**TASK TO CARRY OUT**
Repeat the records below exactly from the line containing "2025 New Style" to the line containing "Heavy Duty Metal", taking in both of those lines. Drop the pictures.

**MATERIAL SUPPLIED**
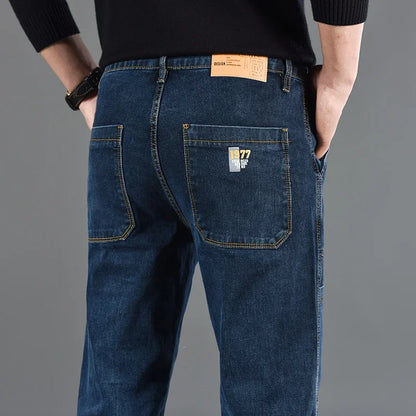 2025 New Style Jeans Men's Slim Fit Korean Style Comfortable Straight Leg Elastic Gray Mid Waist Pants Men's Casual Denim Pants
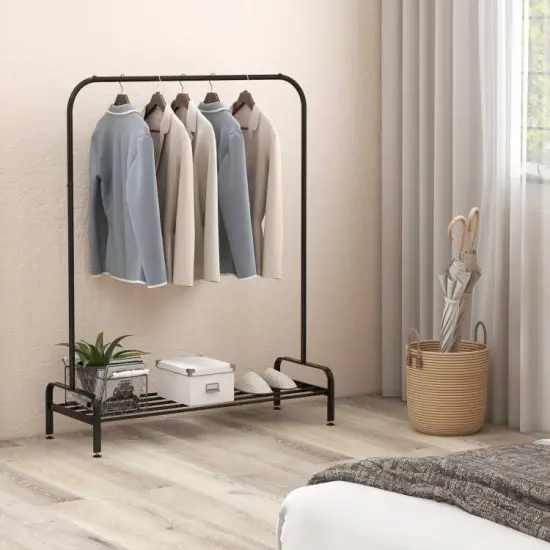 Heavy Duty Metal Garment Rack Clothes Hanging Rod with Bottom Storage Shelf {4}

--

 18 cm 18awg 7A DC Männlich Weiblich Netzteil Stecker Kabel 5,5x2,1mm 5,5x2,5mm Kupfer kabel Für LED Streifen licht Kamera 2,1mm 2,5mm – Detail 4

---

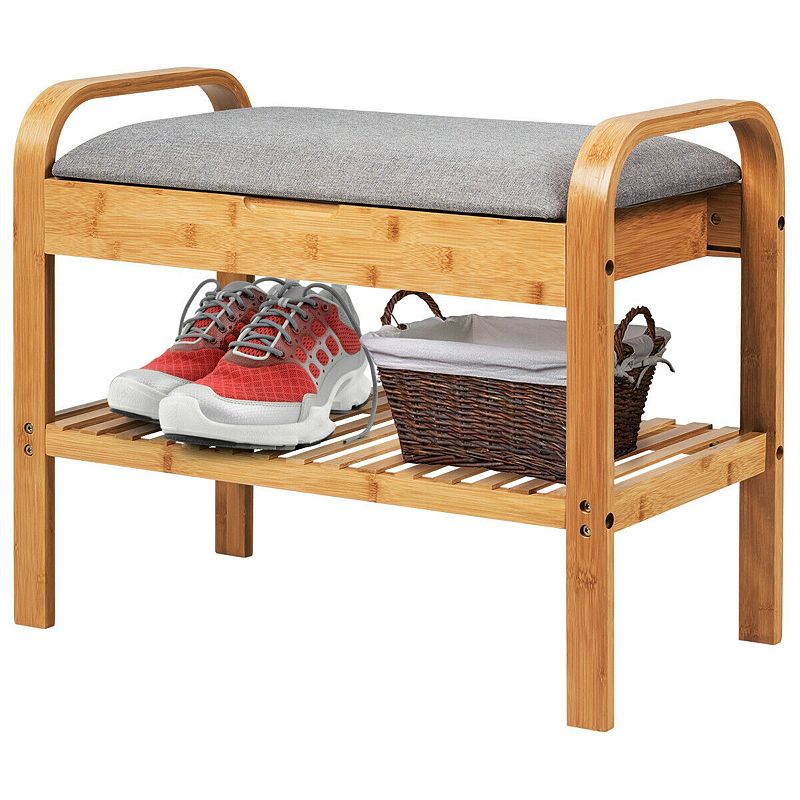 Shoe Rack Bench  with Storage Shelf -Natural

**THE ANSWER**
 2025 New Style Jeans Men's Slim Fit Korean Style Comfortable Straight Leg Elastic Gray Mid Waist Pants Men's Casual Denim Pants
 Heavy Duty Metal Garment Rack Clothes Hanging Rod with Bottom Storage Shelf {4}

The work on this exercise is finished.